This is one of the toughest things, from what I read you would have gotten an air-high 5 from me!!!! Regardless if she thought you were rude, she still spent the time and energy tracking you down and calling to complain. Kudos for killing her with kindness! CUSTOMER clearly didn’t really want those shears especially if she couldn’t walk 5 aisles over without complaining. A rude or funny response to this customer should’ve been can I suggest a pair of our kid safe cutting shears.


----------



## dannyy315 (Aug 12, 2020)

Karen is conditioning her daughter too I see, Karens training the future Karens of the world.


----------



## BurgerBob (Aug 18, 2020)

*guest appears at 9pm*
"Do you have any nintendo switches?"
"No, sorry we sold out at *checks my device* 821am"
"Buuut the website says you have sooooome"
*queue usual spiel about high demand products * 
"Buuuut the website says you have sooooommmmee and little timmy did soooo well at schooool"

*meanwhile little  timmy is licking a support pole or rubbing his face on  the game security cases*


----------



## FlowTeamChick (Aug 18, 2020)

Like others have said, don't sweat it any more than you already have.  Some people seem to enjoy picking fights, especially with those who are *supposed* to be nice to them - like retail workers!  Honestly, life is just too dang short to let those people take up any space in your head.


----------



## darman210 (Jun 23, 2021)

Rarejem said:


> When guests use the word "rude" to me I will go to my TL immediately and let them know exactly what happened and tell them to expect a guest complaint.  I think it's better to let them know the circumstances ahead of time so that they can respond appropriately when the complaint comes.  It is usually "tone"... whether intended or not.*  I once had an SD tell us that "perception is reality" when it comes to a guest.  If they think you're rude, you've been rude in their perception.  It isn't really fair because there isn't any intent, but it's there.  We don't know what or who put them into the mindset before they encountered you, but, sadly, it happens.  *Circumvent, breathe, and move on with a good attitude.  You know you weren't rude, your leader knows you weren't rude. Don't let it ruin your day.


----------



## darman210 (Jun 23, 2021)

This! Earlier tonight a woman accused me of ignoring her to help someone else. I explained I was multitasking by helping other people while she was staring at phones. Anyway, I called the ETL over and he talked with her. Halfway into the conversation it was clear to me that she was just determined to be wronged.


----------



## NKG (Jun 24, 2021)

darman210 said:


> This! Earlier tonight a woman accused me of ignoring her to help someone else. I explained I was multitasking by helping other people while she was staring at phones. Anyway, I called the ETL over and he talked with her. Halfway into the conversation it was clear to me that she was just determined to be wronged.

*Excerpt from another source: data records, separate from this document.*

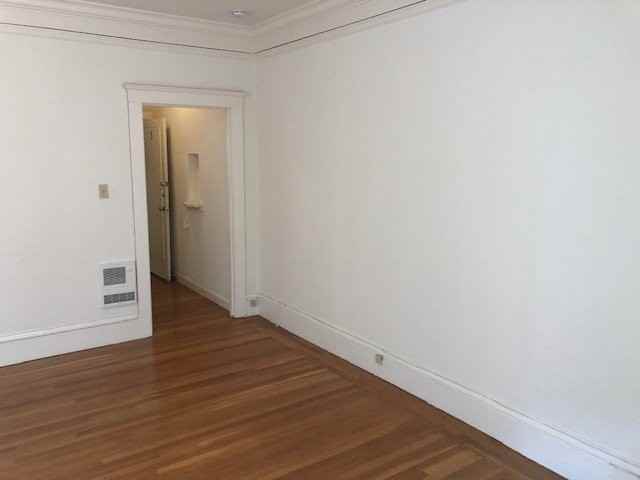 20202 Franklin St #5 - Photo 2 of 8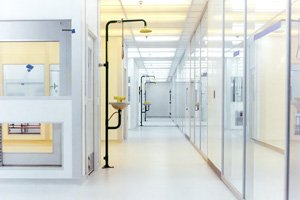 wall partitions in a cleanroom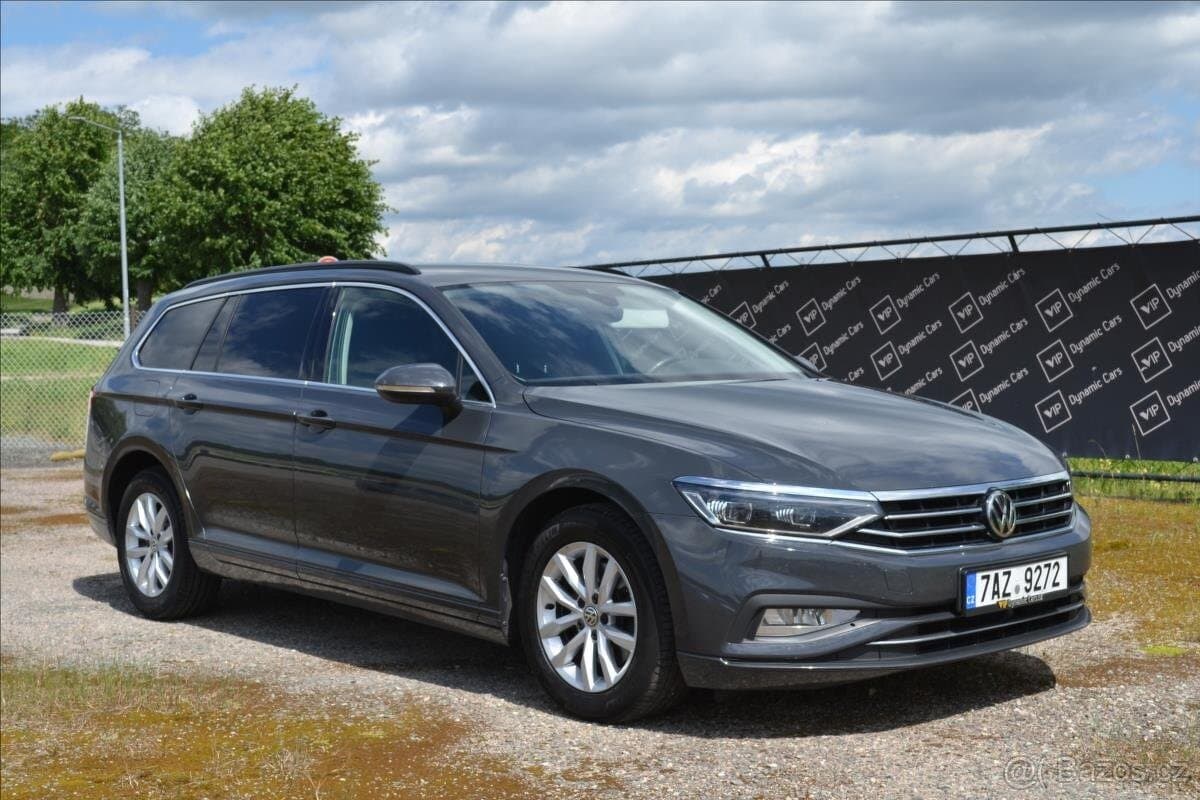 2019 Volkswagen PASSAT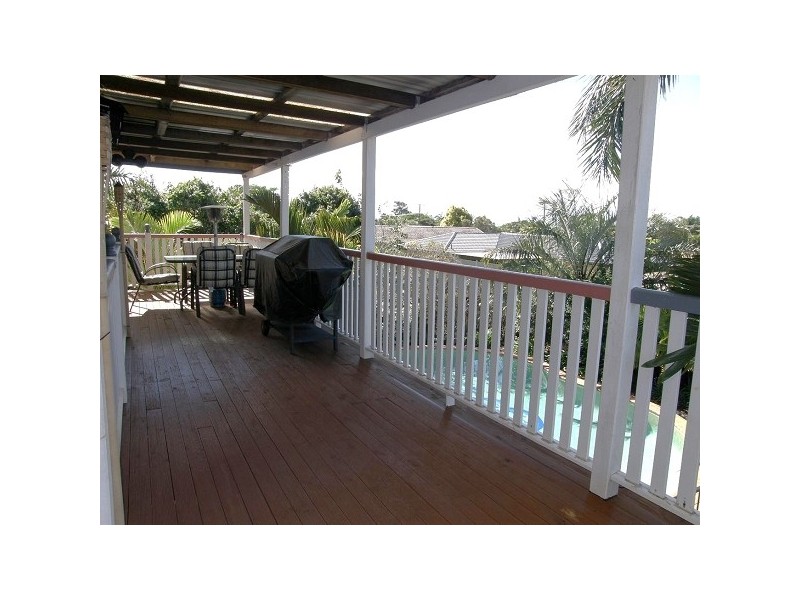 15 Albatross Street, Victoria Point QLD 4165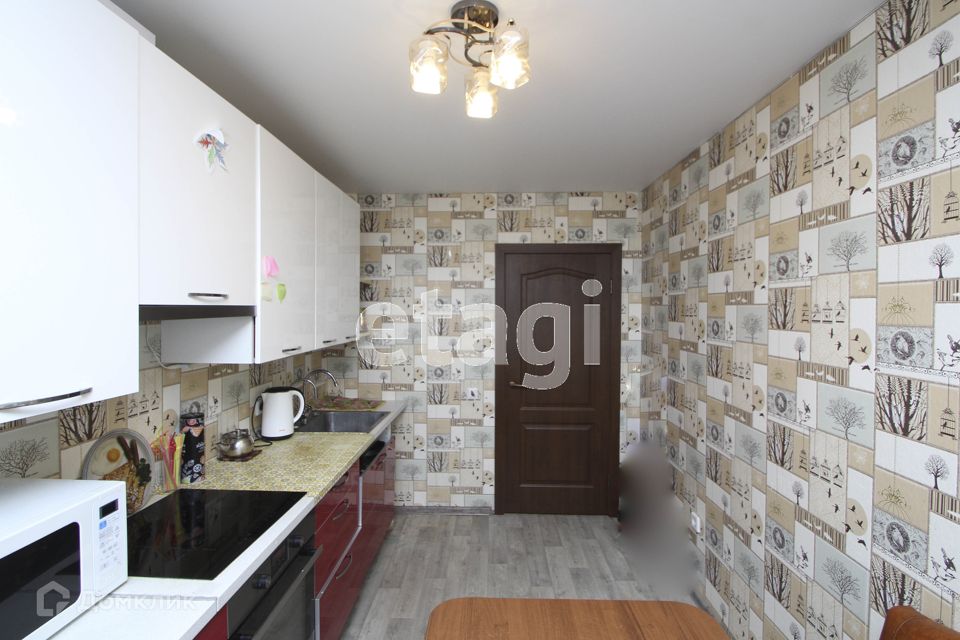 Продаётся 3-комнатная квартира, 79.5 м²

I had to take a manager call and the lady took pictures of my name then said she was going to call corporate on me. I was like go ahead and Nothing happened to it so I wouldn't be concerned unless your actually rude


----------



## Planosss enraged (Jun 24, 2021)

I ignore people all the time, it’s better that way.


----------



## Patty (Aug 14, 2021)

That would really upset and embarrass me, but at the same time, I would think it was funny.  At the least, it gives you something to talk about and a chance to be righteously indignant.  Some days I love to get on a high horse about stuff like that😜😜😜


----------